Call it respect towards my parents or succumbing or whatever. It taught me
that life is not always, ‘have it my way or the highway’. One must learn to
give in and move on with a positive attitude.
All I knew was I am getting
‘married’ and believed in the clichéd …‘and they lived Happily ever after’.
Little did I know that as kids all of us have been exposed only to the
beginning. What comes next is a surprise which nobody can predict. Whatever
happens is destined to happen. The roller coaster ride begins and ends alongwith your
partner for life or that’s what every couple believes at the time of marriage….’Till
death do us part.!’ Sadly, it does not work that way for many these days.

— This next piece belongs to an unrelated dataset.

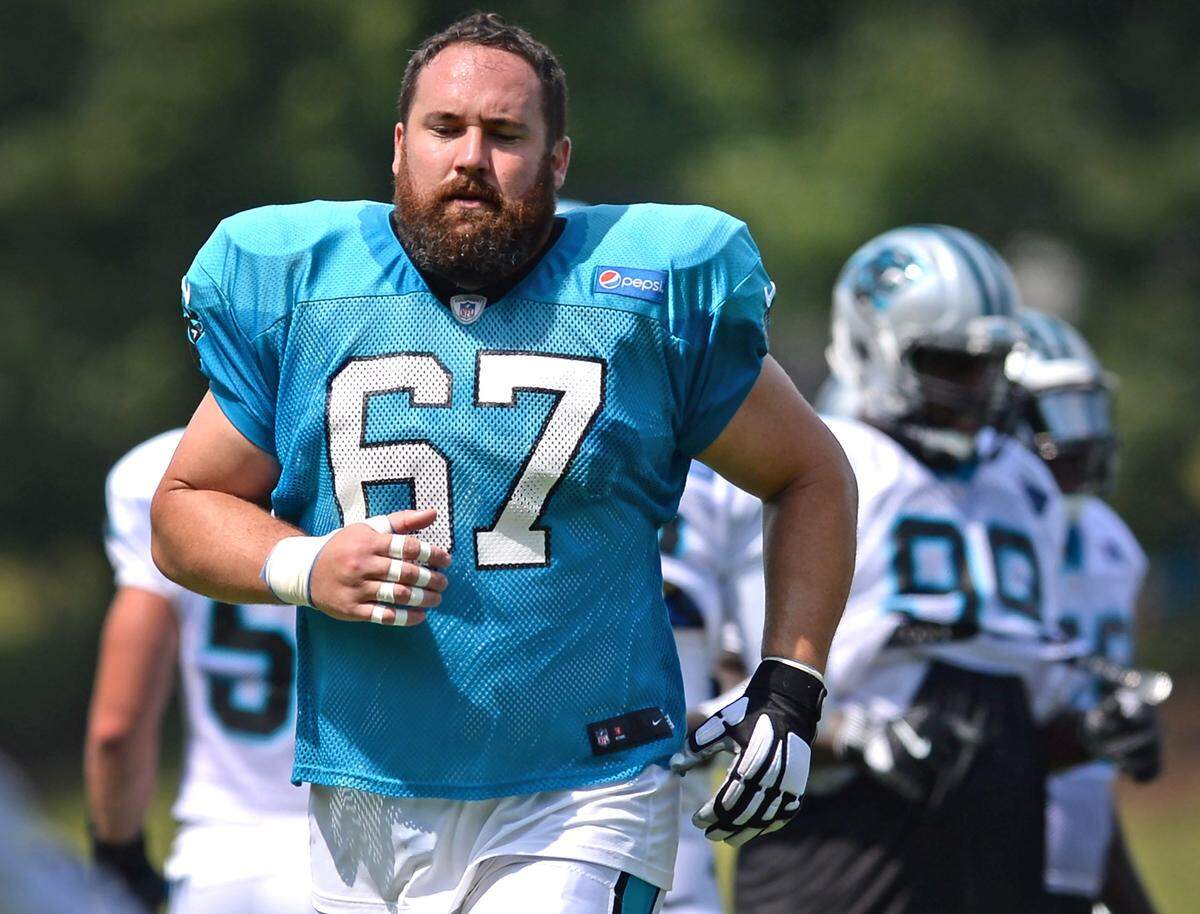Carolina Panthers center Ryan Kalil will play on Friday against Miami, but his snaps will be limited along with those of the first team offense.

Well…. I was called 'balika vadhu' (child-bride) by our Daddy (read father-in-law). Just about to turn 20, I was too
young to understand the meaning of the term ‘marriage’. Well to be honest… I did
not even think about or know what marriage meant. And honestly its not just about me, nobody
does. I was barely out of college, I guess I get a benefit of doubt there. Over
the years I found that couples who are even a decade or more into marriage, fail to
understand the ‘true’ meaning of ‘marriage’ and so I still had a long way to go. I was free to explore and learn the ropes of this relationship through the ups and downs together with my life partner.
Having been brought up in a
conservative God-loving family, my values of a ‘marriage’ and a ‘husband’ had
already been imbibed into me since childhood seeing my parents, uncles aunts
having a ‘perfect marriage’ according to me. Well a perfect marriage is not all hunky dory. They all have their share of highs and lows. But what is important is how they managed to sustain that relationship and make things work together as a couple.

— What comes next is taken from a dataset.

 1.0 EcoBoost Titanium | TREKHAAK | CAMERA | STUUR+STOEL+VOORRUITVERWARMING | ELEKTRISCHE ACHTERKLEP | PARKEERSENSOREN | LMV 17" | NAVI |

Having lived in a joint yet independent family, I grew to love and understand
‘relations’. No matter how independent views a woman had and was vocal about
them, the men in that generation commanded that respect and a woman without
being like the feminist we see these days had no qualms about showering that
respect on her ‘man’. I see it as a gesture of Love and Respect both.
Now we see women wanting
desperately to be called ‘equal’ to men or maybe higher. Women take pleasure in
being superior to men and expect husbands to perform their tasks as ‘equals’.
At the same time the ‘women’ also expect the husband to attend to her since she
is a ‘woman’ and uses her weakness as a woman to suit her needs. Although this
will not be accepted by majority of the independent women, the double standards
cannot be ignored. The existence of a spouse in our life is looked upon by many
with mixed feelings. Now it is more of uncertainty, lack of trust and insecurity
which is devoid of love and respect.
The answer to my question about
what is a husband was answered over the years of marriage. This experience
proved that the clichéd ‘Love at first sight’ is nothing but hogwash and
literally a fairy tale which is fictional. To live up to the term ‘We are in Love’ one
has to undergo several challenges as a couple and in literal sense ‘Till death
do us part’. I learnt several lessons throughout my married life and I am still learning, not willing to give up being a student and working on eliminating the minutest mistake in our relationship.
So being with a man who happens to be the most understanding, sensible, sensitive, caring, level headed, humble, friendly, loving, forgiving person who truly understands and respects relations, I finally understood how an ideal husband should be. These adjectives are not written only for decoration but this man in my life truly deserves not only this but much more. A friend, companion, philosopher, guide, protector, lover, having all the above mentioned qualities is a ‘Husband’. This is not just the definition of a husband… it is what I have experienced living with such a person. I believe that such a person can be all of this only when he is a good human being else such a character can only be found in fictional stories.
Despite of the fake relationships
and broken marriages that are rampant these days, my belief in the institution
of marriages still stands strong. This 'balika vadhu' is no longer a 'balika' (child) but a woman with decades of life's experiences behind her having being exposed to a number of people and their relationships. I have discovered the key ingredients to any healthy relationship is love, compassion,
understanding and respect. The rest automatically follows. Two strangers not
related by blood choose to live together until ‘death do us part’. It is such a
pious relation if one believes that relationships are forever. Over the years I
have realized that although getting married to your best friend is happiness,
but finding your best friend in your husband is a Blessing for Life!